In order to make the New Deal concepts of static, homogenous single-family neighborhoods a reality, cities would need a lot more land to turn into houses. The 30-minute radius needed to get a lot bigger. Transit systems, even operating at very high speeds, were only effective for the land within a short walk of a station and required the trains to run at high frequencies in order to be competitive with walking times. The solution was to make the automobile the standard mode of transportation, make sure they could operate at high speeds anywhere in the city, and make sure that it would be a short walk from the parking spot to the final destination.

The era of freeway construction began at the conclusion of World War II and continued steadily through the 1970s. Interstates were built through traditional neighborhoods to facilitate the high speed movement of people in vehicles from the newly constructed, easily financed homes in the newly opened up land. Many of the buildings in the inner ring neighborhoods were torn down in favor of parking facilities for downtown office towers.

Figure-ground drawings of downtown Detroit. Sources: 1916, 1950, 1960, and 1969 drawings: courtesy of DTE Energy, from Doxiadis, C. A. (1970). A concept for future development. emergence and growth of an urban region: The developing urban Detroit area (Vol. 3). Detroit, MI: Detroit Edison Co., p. 157. 1994 drawing: Plunz (1996), pp. 2012–2013. 2004 drawing: Kelbaugh et al. (2007).
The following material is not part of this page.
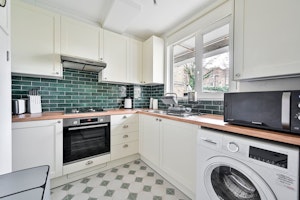 Islington Air image 15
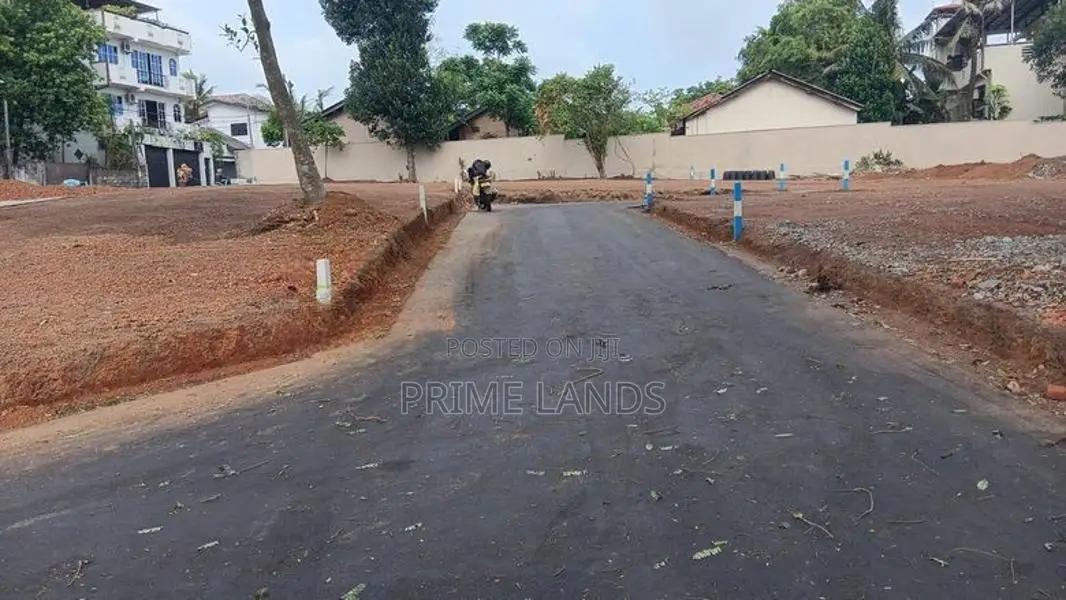 New Land for Sale in Mount Lavinia , Attidiya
The homogenization of housing not only made it more difficult to find a home suited to a family’s unique needs, it also made living more expensive. In order to be an economically productive member of society, you needed a car to get to and from your job. In order to maintain the standards of the neighborhood, you needed a lawn mower, maintenance tools, and time to work on your house.

Fixing the Problems We’ve Caused

This ball has been rolling for nearly a century now and is reaching a breaking point. Making housing an asset that only appreciates has forced a separation between market values and household incomes. The cost of providing infrastructure to a huge area of low tax producing properties has made the provision of basic city services challenging. So how do we fix it? Here are a few suggestions:

I am very aware that the underlying mechanisms around the commoditization of mortgages is not what people go to planning school for. Neither is mediating shed disputes, but both are things that planners need to know about. Even less exciting is the underwriting and lending requirements for development loans. I’m imploring all of my fellow planners to embrace the pain and really research how development money gets invested and why. Until the profession has a strong understanding of the complexity of real estate finance, any attempts we make corrections to the market will be educated guesses at best.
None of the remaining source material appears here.